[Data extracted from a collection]
-------------------------

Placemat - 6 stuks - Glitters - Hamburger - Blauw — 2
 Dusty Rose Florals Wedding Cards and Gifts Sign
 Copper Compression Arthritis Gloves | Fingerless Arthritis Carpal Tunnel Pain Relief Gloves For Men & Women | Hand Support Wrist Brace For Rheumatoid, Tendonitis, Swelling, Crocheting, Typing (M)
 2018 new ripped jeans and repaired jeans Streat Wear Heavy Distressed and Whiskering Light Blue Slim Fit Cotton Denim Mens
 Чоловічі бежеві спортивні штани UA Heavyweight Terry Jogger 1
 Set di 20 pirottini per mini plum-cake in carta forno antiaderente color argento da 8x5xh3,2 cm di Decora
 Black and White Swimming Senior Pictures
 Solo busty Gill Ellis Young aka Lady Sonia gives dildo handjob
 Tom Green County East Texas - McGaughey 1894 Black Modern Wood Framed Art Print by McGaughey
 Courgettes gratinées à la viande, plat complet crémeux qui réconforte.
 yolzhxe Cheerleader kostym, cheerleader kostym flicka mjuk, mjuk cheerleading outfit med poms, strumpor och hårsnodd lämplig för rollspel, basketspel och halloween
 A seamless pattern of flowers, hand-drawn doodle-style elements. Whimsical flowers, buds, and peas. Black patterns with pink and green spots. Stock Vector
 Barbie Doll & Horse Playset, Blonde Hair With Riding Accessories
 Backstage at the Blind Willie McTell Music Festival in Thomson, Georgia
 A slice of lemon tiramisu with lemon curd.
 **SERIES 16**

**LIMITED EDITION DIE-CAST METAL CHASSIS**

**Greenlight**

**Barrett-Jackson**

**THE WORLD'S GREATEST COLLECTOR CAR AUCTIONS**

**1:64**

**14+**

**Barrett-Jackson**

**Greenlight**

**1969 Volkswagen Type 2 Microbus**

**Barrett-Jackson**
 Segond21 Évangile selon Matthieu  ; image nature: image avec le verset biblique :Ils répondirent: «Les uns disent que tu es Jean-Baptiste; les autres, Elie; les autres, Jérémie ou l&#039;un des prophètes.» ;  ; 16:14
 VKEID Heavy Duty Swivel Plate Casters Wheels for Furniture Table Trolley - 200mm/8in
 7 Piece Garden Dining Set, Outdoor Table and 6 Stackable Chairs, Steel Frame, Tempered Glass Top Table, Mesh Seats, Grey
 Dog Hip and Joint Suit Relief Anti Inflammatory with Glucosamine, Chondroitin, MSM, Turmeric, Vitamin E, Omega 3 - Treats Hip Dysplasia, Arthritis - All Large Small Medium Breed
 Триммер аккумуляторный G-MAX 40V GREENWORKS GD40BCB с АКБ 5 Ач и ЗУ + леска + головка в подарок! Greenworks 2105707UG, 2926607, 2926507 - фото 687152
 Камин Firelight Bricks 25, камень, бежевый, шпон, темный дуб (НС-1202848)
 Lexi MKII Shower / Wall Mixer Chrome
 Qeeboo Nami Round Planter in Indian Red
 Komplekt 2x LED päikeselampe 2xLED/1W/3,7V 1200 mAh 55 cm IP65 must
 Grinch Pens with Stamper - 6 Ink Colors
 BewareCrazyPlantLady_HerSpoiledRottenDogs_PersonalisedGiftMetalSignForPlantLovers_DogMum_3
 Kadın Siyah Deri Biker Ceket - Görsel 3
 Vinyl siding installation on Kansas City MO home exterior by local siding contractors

-------------------------

# Your task
What you should output is every line of the records above, from the first through the line containing "Courgettes gratinées à", unchanged.

# Your response
Placemat - 6 stuks - Glitters - Hamburger - Blauw — 2
 Dusty Rose Florals Wedding Cards and Gifts Sign
 Copper Compression Arthritis Gloves | Fingerless Arthritis Carpal Tunnel Pain Relief Gloves For Men & Women | Hand Support Wrist Brace For Rheumatoid, Tendonitis, Swelling, Crocheting, Typing (M)
 2018 new ripped jeans and repaired jeans Streat Wear Heavy Distressed and Whiskering Light Blue Slim Fit Cotton Denim Mens
 Чоловічі бежеві спортивні штани UA Heavyweight Terry Jogger 1
 Set di 20 pirottini per mini plum-cake in carta forno antiaderente color argento da 8x5xh3,2 cm di Decora
 Black and White Swimming Senior Pictures
 Solo busty Gill Ellis Young aka Lady Sonia gives dildo handjob
 Tom Green County East Texas - McGaughey 1894 Black Modern Wood Framed Art Print by McGaughey
 Courgettes gratinées à la viande, plat complet crémeux qui réconforte.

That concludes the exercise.